Jorge: “yes, and then let’s release the video, so that the authorities may prevent us from using this clever technique in the future.”
In what universe does that scenario make any sense? Clearly this video is not what it seems.
What is it about the chain email that causes people of a certain age to lose their minds? I get these emails from my older relatives, and what’s really odd is that most of them are highly accomplished people. We have doctors, and journalists; high ranking military veterans, and lawyers, and MBA’s: people who read, people who in their careers managed public affairs of great complexity and importance. I have the greatest admiration for my parent’s generation, all of whom are mentally still extremely sharp.
But something about the chain email causes temporary mental collapse. And no matter how many times the fakery in these things is pointed out, no matter how may links to Snopes.com you provide, they keep being forwarded.
The phenomenon is more pronounced among conservatives than among liberals, it seems to me, and I’ve managed to convince my more conservative relatives to take me off the distro. But alarmist email rants, cc’ed shotgun style, are a general phenomenon of older people.

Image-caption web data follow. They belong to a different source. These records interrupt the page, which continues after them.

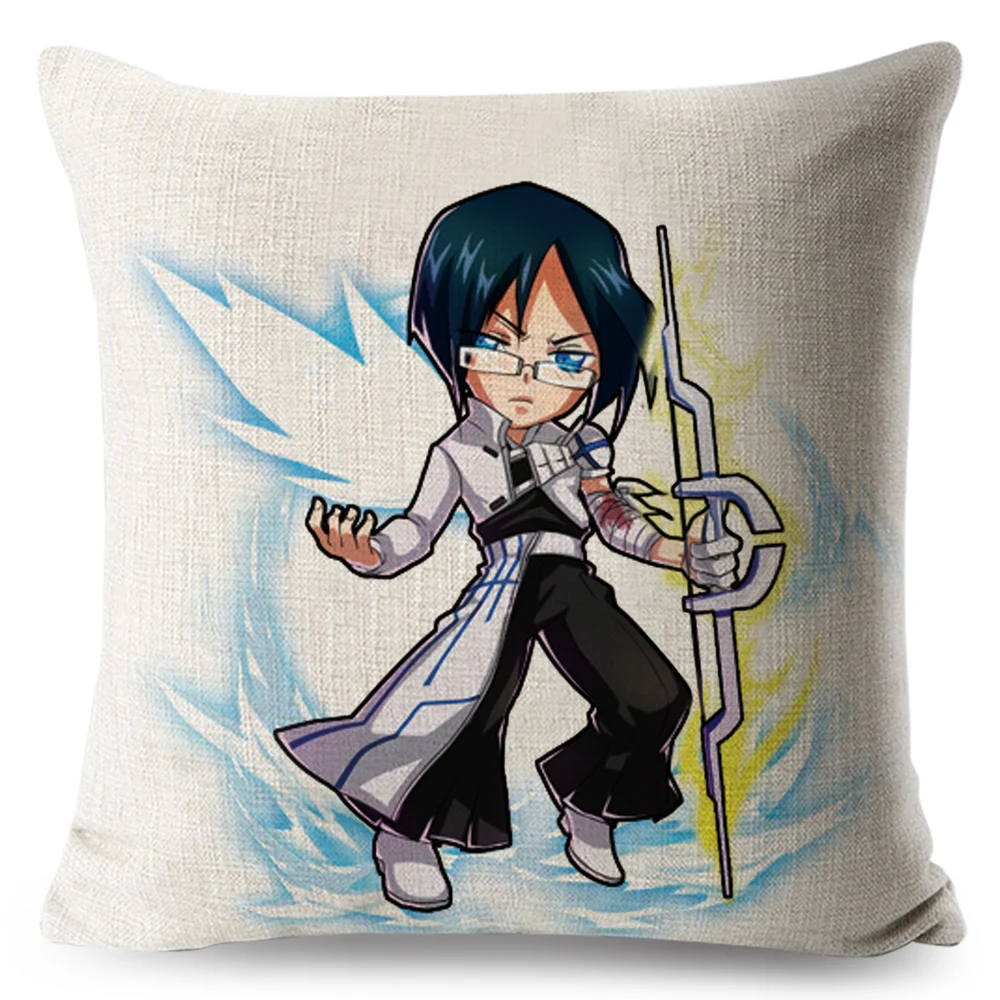 Милый мультфильм BLEACH Ичиго Куросаки Чехлы для диван домашний 45*45 белье украшения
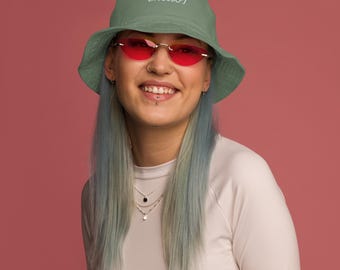 Organic Cotton Twill Bucket Hat, Minimalist Summer Sun Protection (GOTS Certified)
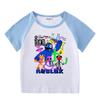 2025 Summer Kids Two-Piece Set: Short Sleeve T-shirt & Shorts for Boys and Girls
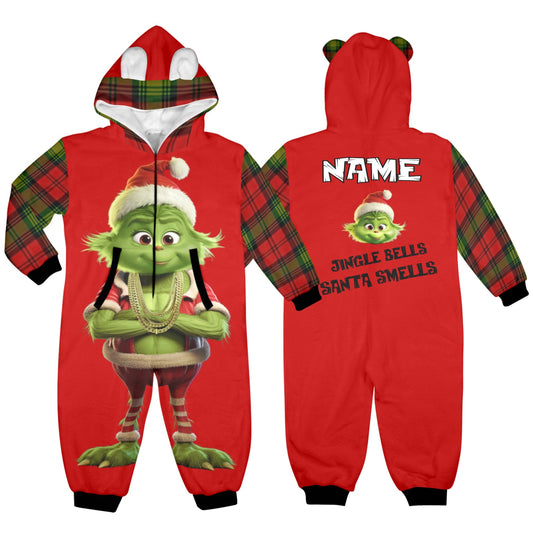 Kids Grinch Onesie Boy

There’s the obvious fact that the emails seem to confirm pre-existing belief. For example, I often get emails from relative X, who loves the idea that Americans have lost all sense of personal responsibility, and that this is proven by frivolous lawsuits. The subject header will generally say something about “can you believe this?” The unspoken premise is always: “of course you can! you already do!” The email is taken as confirmation and I suppose the more forwards it gets the more this confirmation bias is increased.
But there must also be something about email, and its combination of immediacy and selective public presence. It’s both public, in that there’s a distribution list, and private, in that it’s a community, a presumably like-minded community.
It also may have to do with the way email functions in your life. For most people working now, email is a chore and a burden and a never-ending stream of new obligations. Email compels a response; the inbox is a constant reproach. So a chain email talking about Obama’s Kenyan citizenship is not just annoying because it’s baseless, mean-spirited and dumb; it’s annoying because it comes in the context of a bunch of work obligations.
If you retired in 2000, though, you missed most of the era when email and texting replaced phone calls. It still has urgency and novelty.
I suppose these emails play exactly the same role that theatrical melodrama once played, in that they confirm what you already want to believe, and in that sense the more outlandish and absurd they are, the more plausible they seem. It’s like the digital equivalent of professional wrestling, with cartoon bad guys and cartoon good guys and preposterous claims that can’t possibly be actually true, but nevertheless replay the drama of good and evil. Thus the crazy rant/charivari quality of these things, with the distro list forming a virtual crowd.
This is one instance where I really wish older people would be less “forward-thinking.”